Work task => Scan the records below for the line containing "Long A-line Tulle" and the line containing "Pom Beanies-Top of". Copy both, plus every line between, exactly.

Information given =>
══════════

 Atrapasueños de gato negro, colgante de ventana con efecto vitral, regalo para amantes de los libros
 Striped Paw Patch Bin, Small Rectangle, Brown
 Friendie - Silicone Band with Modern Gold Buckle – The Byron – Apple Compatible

══════════

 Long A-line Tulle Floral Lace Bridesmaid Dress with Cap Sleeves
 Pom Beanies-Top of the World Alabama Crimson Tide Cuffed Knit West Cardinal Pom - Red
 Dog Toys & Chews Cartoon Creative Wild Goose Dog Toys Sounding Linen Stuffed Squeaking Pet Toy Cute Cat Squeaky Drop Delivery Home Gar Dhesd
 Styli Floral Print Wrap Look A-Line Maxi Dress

══════════

Task result =>
 Long A-line Tulle Floral Lace Bridesmaid Dress with Cap Sleeves
 Pom Beanies-Top of the World Alabama Crimson Tide Cuffed Knit West Cardinal Pom - Red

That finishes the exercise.